_WORK REQUIRED_
What is needed is an exact transcription of every record below.

(Data entries)

· · · · ·

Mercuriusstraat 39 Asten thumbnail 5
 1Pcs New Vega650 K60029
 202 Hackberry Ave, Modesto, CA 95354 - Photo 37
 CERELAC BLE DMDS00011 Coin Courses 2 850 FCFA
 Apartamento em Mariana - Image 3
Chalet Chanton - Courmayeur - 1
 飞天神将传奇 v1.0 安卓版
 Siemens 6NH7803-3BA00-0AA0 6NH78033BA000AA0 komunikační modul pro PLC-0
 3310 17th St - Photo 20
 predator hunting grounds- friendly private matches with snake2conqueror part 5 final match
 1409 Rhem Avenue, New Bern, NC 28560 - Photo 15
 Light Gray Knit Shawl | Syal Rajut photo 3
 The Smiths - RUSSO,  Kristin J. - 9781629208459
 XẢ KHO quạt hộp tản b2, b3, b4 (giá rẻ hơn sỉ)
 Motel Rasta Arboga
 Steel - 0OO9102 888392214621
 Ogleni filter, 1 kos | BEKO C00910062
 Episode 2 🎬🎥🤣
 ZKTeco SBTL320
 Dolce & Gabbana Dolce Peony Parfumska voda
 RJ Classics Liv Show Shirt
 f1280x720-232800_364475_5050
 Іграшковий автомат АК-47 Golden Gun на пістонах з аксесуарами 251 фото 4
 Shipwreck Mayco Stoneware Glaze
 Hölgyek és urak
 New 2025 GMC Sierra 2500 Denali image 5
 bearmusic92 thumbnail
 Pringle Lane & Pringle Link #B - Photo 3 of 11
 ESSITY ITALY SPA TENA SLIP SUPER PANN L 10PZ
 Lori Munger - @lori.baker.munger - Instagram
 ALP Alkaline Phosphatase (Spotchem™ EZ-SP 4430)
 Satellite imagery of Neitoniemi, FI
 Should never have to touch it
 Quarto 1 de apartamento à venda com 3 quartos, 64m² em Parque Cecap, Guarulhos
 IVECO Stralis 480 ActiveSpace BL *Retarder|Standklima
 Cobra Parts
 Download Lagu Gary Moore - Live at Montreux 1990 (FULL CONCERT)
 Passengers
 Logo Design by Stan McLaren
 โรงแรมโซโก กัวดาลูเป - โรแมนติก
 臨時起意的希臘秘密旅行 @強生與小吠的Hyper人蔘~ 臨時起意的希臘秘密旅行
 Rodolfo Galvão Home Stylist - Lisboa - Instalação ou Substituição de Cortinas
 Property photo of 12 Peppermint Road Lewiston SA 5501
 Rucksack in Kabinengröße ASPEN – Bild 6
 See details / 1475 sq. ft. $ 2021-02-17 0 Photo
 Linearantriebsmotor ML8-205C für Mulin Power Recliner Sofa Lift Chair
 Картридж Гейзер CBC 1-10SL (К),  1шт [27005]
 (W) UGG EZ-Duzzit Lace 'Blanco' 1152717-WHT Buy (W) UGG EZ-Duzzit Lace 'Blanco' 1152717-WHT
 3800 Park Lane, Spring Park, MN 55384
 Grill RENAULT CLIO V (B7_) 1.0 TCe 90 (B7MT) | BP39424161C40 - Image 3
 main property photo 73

· · · · ·

_RESPONSE TO THE TASK_
Mercuriusstraat 39 Asten thumbnail 5
 1Pcs New Vega650 K60029
 202 Hackberry Ave, Modesto, CA 95354 - Photo 37
 CERELAC BLE DMDS00011 Coin Courses 2 850 FCFA
 Apartamento em Mariana - Image 3
Chalet Chanton - Courmayeur - 1
 飞天神将传奇 v1.0 安卓版
 Siemens 6NH7803-3BA00-0AA0 6NH78033BA000AA0 komunikační modul pro PLC-0
 3310 17th St - Photo 20
 predator hunting grounds- friendly private matches with snake2conqueror part 5 final match
 1409 Rhem Avenue, New Bern, NC 28560 - Photo 15
 Light Gray Knit Shawl | Syal Rajut photo 3
 The Smiths - RUSSO,  Kristin J. - 9781629208459
 XẢ KHO quạt hộp tản b2, b3, b4 (giá rẻ hơn sỉ)
 Motel Rasta Arboga
 Steel - 0OO9102 888392214621
 Ogleni filter, 1 kos | BEKO C00910062
 Episode 2 🎬🎥🤣
 ZKTeco SBTL320
 Dolce & Gabbana Dolce Peony Parfumska voda
 RJ Classics Liv Show Shirt
 f1280x720-232800_364475_5050
 Іграшковий автомат АК-47 Golden Gun на пістонах з аксесуарами 251 фото 4
 Shipwreck Mayco Stoneware Glaze
 Hölgyek és urak
 New 2025 GMC Sierra 2500 Denali image 5
 bearmusic92 thumbnail
 Pringle Lane & Pringle Link #B - Photo 3 of 11
 ESSITY ITALY SPA TENA SLIP SUPER PANN L 10PZ
 Lori Munger - @lori.baker.munger - Instagram
 ALP Alkaline Phosphatase (Spotchem™ EZ-SP 4430)
 Satellite imagery of Neitoniemi, FI
 Should never have to touch it
 Quarto 1 de apartamento à venda com 3 quartos, 64m² em Parque Cecap, Guarulhos
 IVECO Stralis 480 ActiveSpace BL *Retarder|Standklima
 Cobra Parts
 Download Lagu Gary Moore - Live at Montreux 1990 (FULL CONCERT)
 Passengers
 Logo Design by Stan McLaren
 โรงแรมโซโก กัวดาลูเป - โรแมนติก
 臨時起意的希臘秘密旅行 @強生與小吠的Hyper人蔘~ 臨時起意的希臘秘密旅行
 Rodolfo Galvão Home Stylist - Lisboa - Instalação ou Substituição de Cortinas
 Property photo of 12 Peppermint Road Lewiston SA 5501
 Rucksack in Kabinengröße ASPEN – Bild 6
 See details / 1475 sq. ft. $ 2021-02-17 0 Photo
 Linearantriebsmotor ML8-205C für Mulin Power Recliner Sofa Lift Chair
 Картридж Гейзер CBC 1-10SL (К),  1шт [27005]
 (W) UGG EZ-Duzzit Lace 'Blanco' 1152717-WHT Buy (W) UGG EZ-Duzzit Lace 'Blanco' 1152717-WHT
 3800 Park Lane, Spring Park, MN 55384
 Grill RENAULT CLIO V (B7_) 1.0 TCe 90 (B7MT) | BP39424161C40 - Image 3
 main property photo 73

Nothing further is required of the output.